We saw a weather window that would allow us to travel the short distance from Moorea to Huahine. Unfortunately, it had to be a night sail so that we could ensure a daylight arrival to clear the pass. There are a few well-protected bays on this island that will allow us to hide from the maramu (A “maramu” is strong southerly winds in the south Pacific that occur in the winter).
So, after our wonderful SafarI Mario tour, we prepared the boat for an overnight sail. We had considered fueling up in Moorea, but the dock was small, the weather was not perfect, and frankly we didn’t “need” to fuel. Skip that for now and wait until we get to Raitea.
It was not a particularly bad sail, but it was not a good one either. We anticipated bad weather and high winds with the Maramu, but in actuality we saw on average low to moderate winds. There was a period of 3-4 hours with high winds at 25 knots, but for the most part we saw 10-15 knots which kept our boat average down to 5.1 knots.

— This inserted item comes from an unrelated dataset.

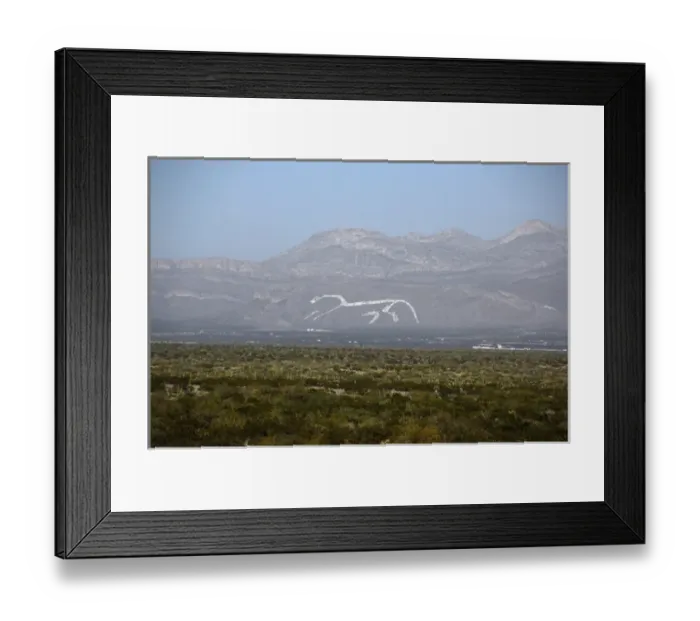 Framed Print : Mexico, Chihuahua. Giant white horse painted on mountainside at Mexico / New Mexico Framed Print : Mexico, Chihuahua. Giant white horse painted on mountainside at Mexico / New Mexico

We had following seas which pushed us along but made for a weird rocking of the boat. It was if Mother Nature was taunting “you can run, but you can’t hide.” I was not feeling great and was happy to let Matt take the brunt of the shift. We arrived with plenty of day light and with two boats on our tail. Kata and Krabta followed us from Moorea but were about 4-5 miles behind us the entire time.
- Departed Moorea to Huahine on Sunday 30 June at 1600
- Arrived Huahine Monday, 1 July at 0930
- Miles Traveled 85.3nm
- Max speed 12.8kt
- Average speed 5.1kt
- Leaving in the lull of the maramu had us over prepared. We only flew the jib and kept one engine on at idle. At one point in the night we saw 25kts of wind and with the following seas it gave us a max speed at 12.8.
It was blowing stink as we pulled into one of the many passes. Once inside, we had a choice of turning right and anchoring in a relatively empty bay with just a few other boats or anchoring in front of Fare, the main village. We decided to anchor near the main village for a few days, then move to a quieter more remote location.
Once we were comfortable with our anchorage we went to shore to explore. We were all surprised by how geared the island was toward tourists. There were several areas outfitted with small vendor booths selling touristy items (shirts, shells, jams, pearls, etc…). We decided to grab a bite to eat at the Huahine Yacht Club. We didn’t linger as we wanted to return to the boat and hide from the storm.